2. マンション相続で特に注意すべき理由
マンションは一戸建てや土地と比べて、相続登記が放置されることで大きな問題が生じやすい資産です。
2-1. 区分所有という特性
マンションは専有部分と共有部分から構成されます。登記が放置されると、管理組合が誰に請求すべきか分からなくなり、修繕積立金や管理費の徴収に支障が出ます。
2-2. 建替え・修繕の合意形成
大規模修繕や建替えには区分所有者の多数決が必要です。相続登記がされていない部屋があると「所有者不明」となり、同意を集められず計画が進められないケースが現実に発生しています。
2-3. 売却・賃貸の制約
登記簿上の所有者が亡くなったままでは、売買契約も賃貸契約も締結できません。
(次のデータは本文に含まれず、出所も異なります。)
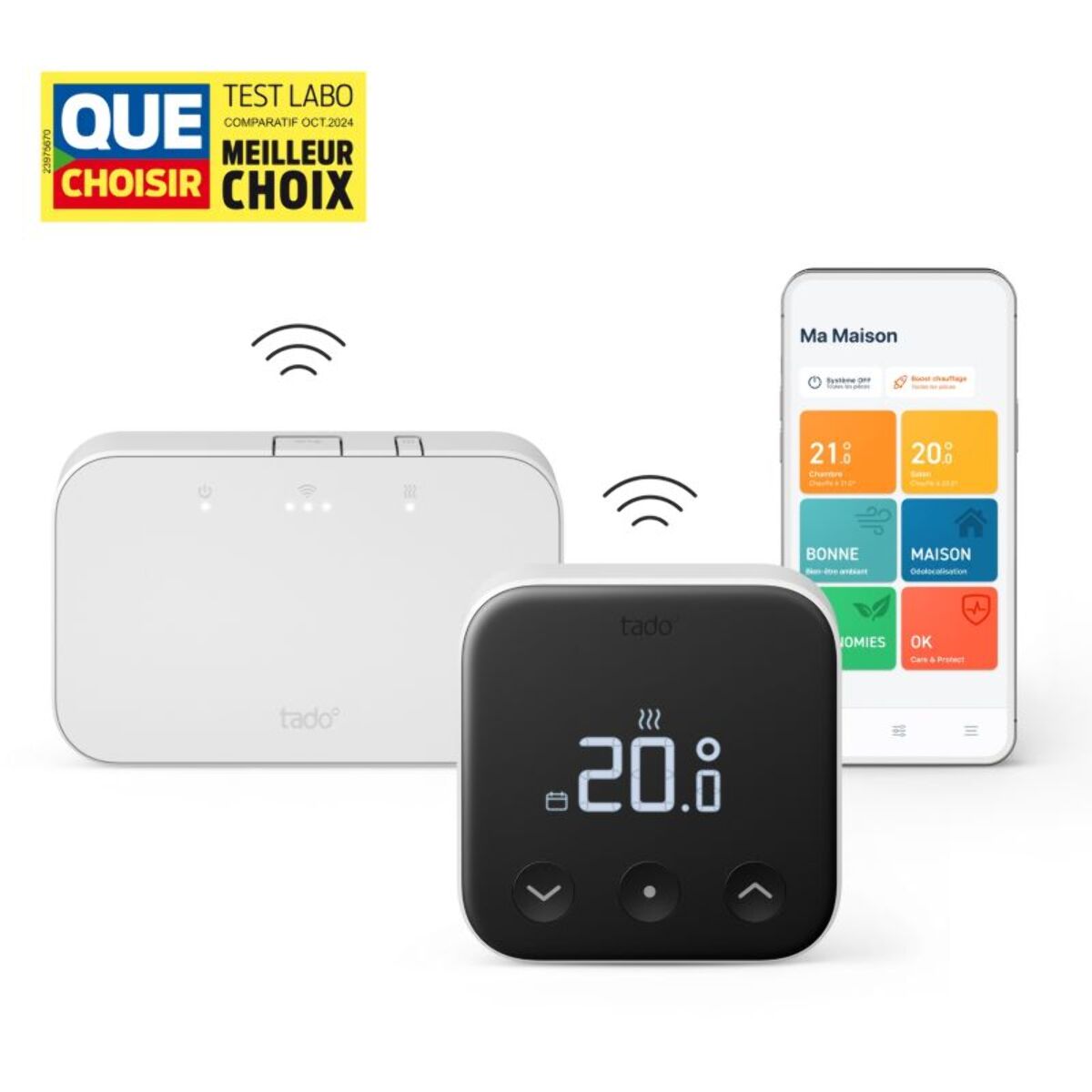 Thermostat connecté TADO Kit de démarrage Xsans fil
金融機関の融資も下りないため、市場で流通させることが不可能になります。
3. ケース別に考える相続登記
ケース①:親から区分マンションを相続した
死亡を知った日から3年以内に登記申請が必要。
遺産分割協議に時間がかかる場合でも、期限が迫れば「とりあえず相続人全員の共有名義」で登記して義務を果たすのが安心です。
ケース②:兄弟姉妹など複数人で相続した
遺産分割協議がまとまらない場合でも、まずは法定相続分で共有名義にして登記。
その後に分割が決まれば、改めて持分移転登記をすれば良い。
ケース③:相続放棄をしたい場合
家裁で相続放棄の手続きを取れば、その人は最初から相続人でなかったことになるため登記義務は生じません。
ただの放置では放棄にならない点に注意が必要です。
ケース④:過去の相続で名義が古いまま
すでに相続が発生している場合も、施行日から3年以内に登記が必要。
長年放置された名義を整理するには、多くの戸籍を集める必要があり、手間もコストも増えるため、早めに動いた方が賢明です。
4. 義務化によるメリット
相続登記が義務化されることで、次のようなメリットが期待できます。
権利関係の明確化
売却や賃貸の際に取引がスムーズになる。管理業務の安定化
管理組合が確実に請求・連絡できるため、修繕積立金の滞納リスクを減らせる。将来のトラブル防止
早めに登記を済ませておけば、相続人同士の争いを防ぎやすい。
5. 相続登記の実務フロー
相続人の確定
戸籍を取り寄せ、誰が相続人かを確定。遺産分割協議
誰がマンションを所有するかを話し合い、協議書を作成。必要書類の準備
登記事項証明書、固定資産評価証明書、戸籍一式、遺産分割協議書など。法務局へ登記申請
司法書士に依頼するケースが多いが、自分で申請することも可能。
6. 専門家に相談する重要性
相続登記は書類の準備が煩雑で、期限を過ぎると過料のリスクがあります。
また、相続税の申告や遺産分割に関する争いがある場合には、司法書士だけでなく税理士や弁護士のサポートが欠かせません。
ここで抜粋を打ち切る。